Therapeutic Effect of V8 Affecting Mitophagy and Endoplasmic Reticulum Stress in Acute Myeloid Leukemia Mediated by ROS and CHOP Signaling.

Acute myeloid leukemia (AML) is characterized by the malignant proliferation of abnormally or poorly differentiated myeloid cells in the hematopoietic system. However, there is a lack of effective drugs for treating non-M3 AML. V8, a newly synthesized derivative of the natural flavonoid wogonin, which is a potential anticancer drug, has demonstrated significant antitumor activity both in vitro and in vivo. Here, we investigated the effects of V8 on AML cell lines and primary AML cells as well as its underlying mechanisms. Our results showed that V8 exerted significant concentration-dependent growth inhibition and apoptosis induction in AML cells, accompanied by characteristic pathological features including lysosomal functions suppression, mitochondrial dysfunction, and endoplasmic reticulum stress (ERS) activation.
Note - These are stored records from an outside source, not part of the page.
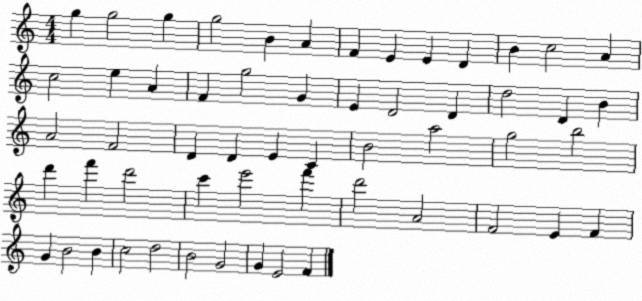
X:1
T:Untitled
M:4/4
L:1/4
K:C
g g2 g g2 B A F E E D B c2 A c2 e A F g2 G E D2 D d2 D B A2 F2 D D E C B2 a2 g2 b2 d' f' d'2 c' e'2 f' d'2 A2 F2 E F G B2 B c2 d2 B2 G2 G E2 F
Mechanistic investigations revealed that V8 induced mitochondrial membrane potential collapse through elevation of intracellular reactive oxygen species (ROS) levels, while concurrently blocking mitophagy via lysosomal functional inhibition. Furthermore, V8 selectively activated the PERK/p-eIF2α/ATF4 and IRE1α/XBP1 signaling axes of ERS, ultimately triggering CHOP-mediated apoptosis through the ERS-specific pathway. In vivo studies confirmed that V8 treatment significantly prolonged survival duration in NOD/SCID mice bearing primary AML xenografts and suppressed tumor progression in BALB/c nude mice with U937 cell xenografts, with antitumor efficacy closely associated with CHOP-dependent ERS pathway modulation. These findings not only elucidate the multi-targeted mechanism of V8 against AML through coordinated regulation of the ROS-mitochondria-lysosome-ERS signaling network, but also provide critical theoretical foundations for developing natural product-based therapeutics for AML. The multi-pathway synergistic characteristics exhibited by V8 underscore its considerable potential as a clinically translatable candidate drug.